Cotto and I held the button panels for dear life as Halon brought the ship down for a sharp landing. At least we were lucky enough that he recognized where to land. Sieta was popular gambling port, so the giant gaming tower really stuck out, even from high in the atmosphere.
Since we wouldn’t be able to call in a landing to the air traffic control tower, we were fortunate enough to find the runway empty.
The pod smashed against the runway with surprising force, jerking me out of my seat.
“We’re here,” Cotto blew her blonde bangs out of her eyes.
We crawled shakily from the pod. My legs felt like jelly after the harsh landing, but at least they worked.
“I forgot how awful Baltienna is. Ugly and smelly,” Halon grumbled as he stumbled out after me.
“Halon! This is Marina’s home, don’t say that!” Cotto scolded automatically.
“Don’t worry about it.” I piped up. “It’s not that great.”
Cotto pursed her lips and glowered at Halon. After a moment, she turned to me. “Looks like we’re going to have to abandon the pod here. Marina, why don’t you show us around?” She suggested enthusiastically. I got the feeling it wasn’t a question.
I reluctantly gave them the grand tour of my loser hometown. Sieta had long ago lost any sign of greenery. Instead it was a dull mix of grey skyscrapers and old houses on the verge of collapse. The only things really worth taking note of were the gaming tower and the pristine state house.
“Where was your mechanics workshop again, Marina?” I wasn’t sure if Cotto was just pretending to be interested or actually cared.
“About a block away. I’m not sure they’d ever want to see me again. Maybe we should just skip that.”
Cotto shook her head deliberately. “I’m sure they’d love to see you! And I’d like to see that mechanics shop again.”

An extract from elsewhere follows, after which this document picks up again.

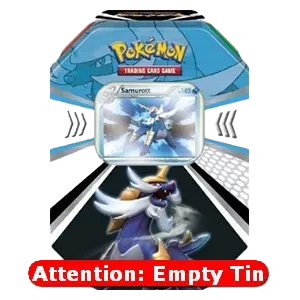 Empty Evolved Battle Action Tins: Samurott Tin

“She’s not going to shut up until you show her the stupid mechanics shop.” Halon muttered.
“Halon, if I were you, I wouldn’t be pissing me off.”
Halon rolled his eyes. “Oh, I’m terrified, Cotto. Here, take my lunch money!”
“Just show me the shop, Marina.”
I led them to the mechanics shop, spouting off every excuse I could think of as to why we shouldn’t go along the way. Cotto wouldn’t hear of it, and demanded to know the names of everyone. “Who was your old boss.”
“Some idiot named Motor.”
“Why would you say that? I can understand calling Halon an idiot, but not anyone else.”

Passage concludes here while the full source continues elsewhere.